[Brief descriptive captions]

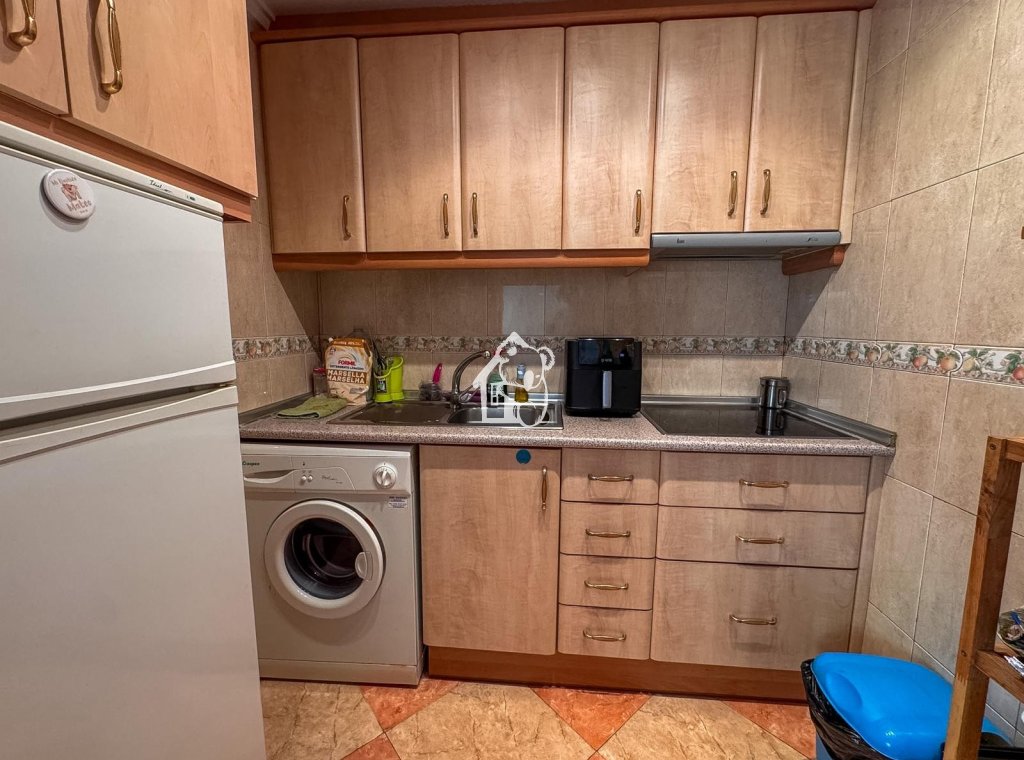 Location - Appartement - Torrevieja - El Acequión - Los Náufragos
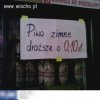 Dobre spostrzeżenie 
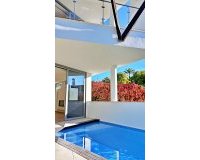 Resale - Villa - Marbella - Sierra Blanca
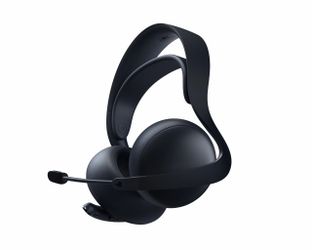 PlayStation Pulse Elite Wireless Headset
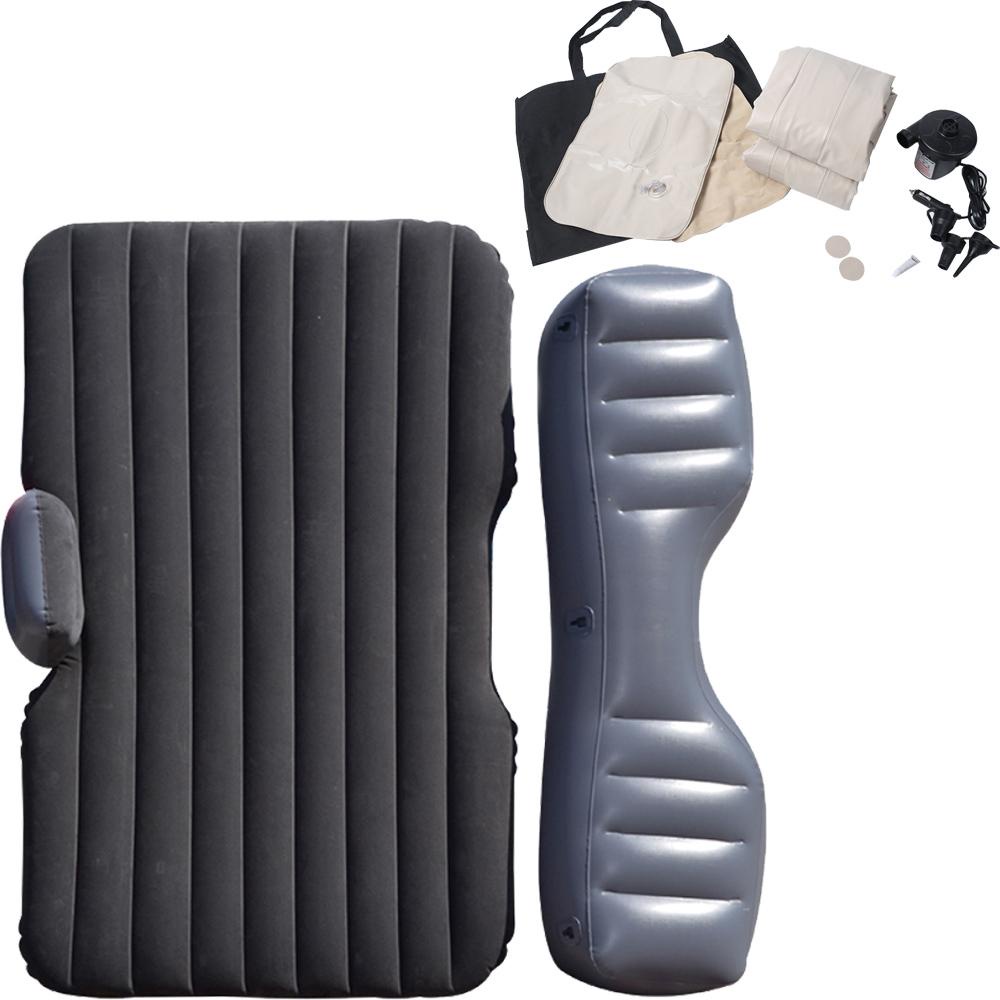 alitech-ที่นอนในรถ-ใช้ได้กับรถยนต์ทุกขนาด-ที่นอนในรถยนต์-รับน้ำหนักได้สูงถึง-250-กก-black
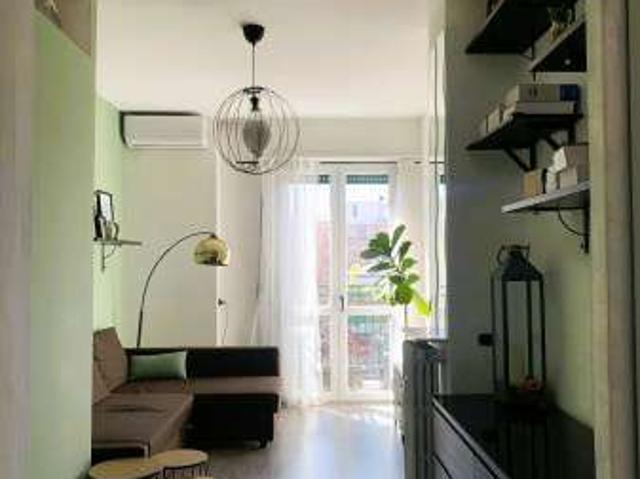 Bilocale arredato Città studi, lambrate, udine, loreto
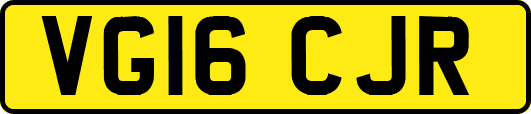 VG16CJR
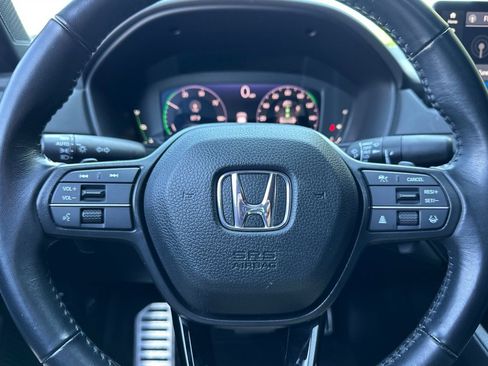 Used 2023 Honda Accord Sport image 19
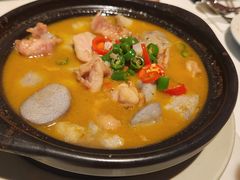 -港丽餐厅(领展购物广场·中关村店)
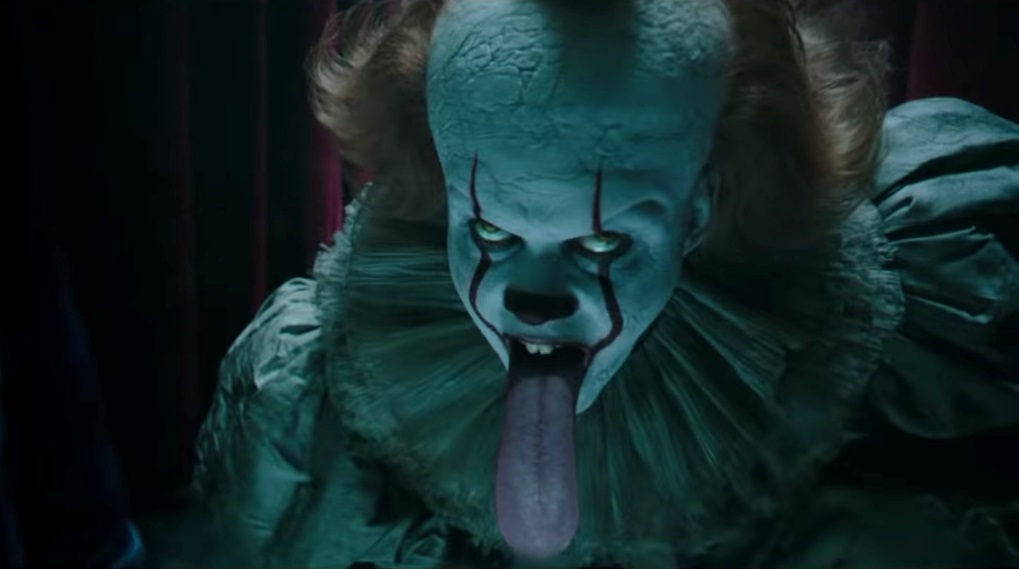 It Chapter Two R-rating censur forbudt for børn / Filmz.dk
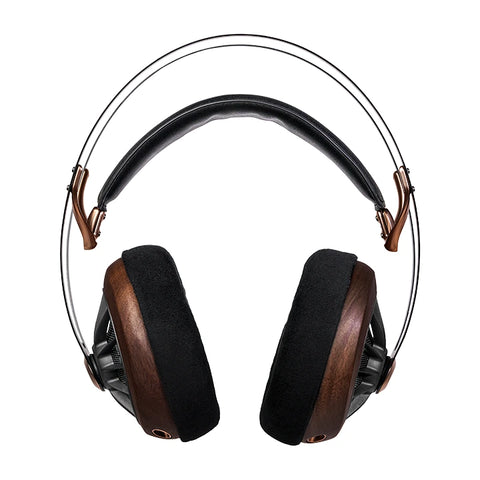 Meze 109 Pro Open-Back Headphones - Refurbished w/ Full Warranty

§ **To do**
Take the line containing "It Chapter Two" and every line after it to the end of the records, and restate them verbatim, with no pictures.

§ **Solved problem**
 It Chapter Two R-rating censur forbudt for børn / Filmz.dk
 Meze 109 Pro Open-Back Headphones - Refurbished w/ Full Warranty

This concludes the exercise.